225      L’employeur soutient que je devrais aussi tenir compte de la jurisprudence résumée dans Fraser à cause de la nature qu’il qualifie d’extrême des critiques du fonctionnaire s’estimant lésé à l’endroit de son employeur et, par conséquent, de son manquement à son obligation de loyauté envers l’ASFC.

 

226      Je ne suis pas d’accord. Le statut du fonctionnaire s’estimant lésé en tant que dirigeant syndical élu à plein temps est fondamental en l’espèce. La jurisprudence résumée dans Fraser est muette sur la question de savoir si ce statut influe sur les principes juridiques en jeu ou, si oui, jusqu’à quel point. Dans cette mesure, Fraser et les décisions analogues portaient sur d’autres circonstances et ne sont pas applicables.

 

227      Au sujet de l’arrêt Fraser lui-même, je tiens aussi à souligner que la Cour avait basé sa conclusion que les déclarations publiques de l’appelant dans cette affaire sapaient sa capacité de s’acquitter de sa tâche dans la fonction publique en concluant à l’existence d’un « type de conduite ». La Cour a jugé qu’un fonctionnaire « […] ne doit pas […] attaquer de manière soutenue et très visible des politiques importantes du gouvernement ». S’il le fait, il manque à son obligation de loyauté.

 

228      Rien dans la preuve dont je suis saisi ne révèle que le fonctionnaire s’estimant lésé avait l’habitude d’écrire à des dirigeants de gouvernements étrangers ou qu’il avait attaqué de façon « soutenue » ou « très visible » la politique du gouvernement. Cette affaire porte sur une seule action. Les parties ont stipulé que le dossier disciplinaire du fonctionnaire s’estimant lésé est vierge pour les fins de ma décision. Sa lettre n’était visible que pour un très petit groupe de personnes et ne l’était pas pour le public.

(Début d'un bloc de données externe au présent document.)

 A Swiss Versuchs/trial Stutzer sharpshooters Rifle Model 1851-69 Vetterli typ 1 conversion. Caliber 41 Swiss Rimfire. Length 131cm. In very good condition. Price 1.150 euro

Il n’est même pas prouvé que son destinataire l’a reçue.

 

[10]           L’arbitre fonde ces conclusions sur la preuve, aussi bien d’opinion que de fait, et il lui accorde le poids voulu. Il convient de les contrôler suivant la norme de la décision raisonnable, en s’en remettant dans la mesure requise à l’arbitre, qui est expérimenté en la matière, a présidé une audience approfondie sur l’affaire, et a donné un exposé à la fois ample, clair et convaincant de ses motifs. J’estime que lesdites conclusions sont raisonnables.

 

 

Deuxième question : les conclusions touchant le cadre des fonctions syndicales

[11]           Pour ce qui concerne cette question, l’avocat du demandeur concentre son attention sur deux points : premièrement, le fait que certains éléments de preuve, en particulier les déclarations de Mme Hébert, soient considérés comme relevant de l’opinion; et deuxièmement, la prise en compte, expliquée au paragraphe 186 des motifs de l’arbitre, de ce qui serait une théorie « plausible » applicable aux activités d’un représentant syndical.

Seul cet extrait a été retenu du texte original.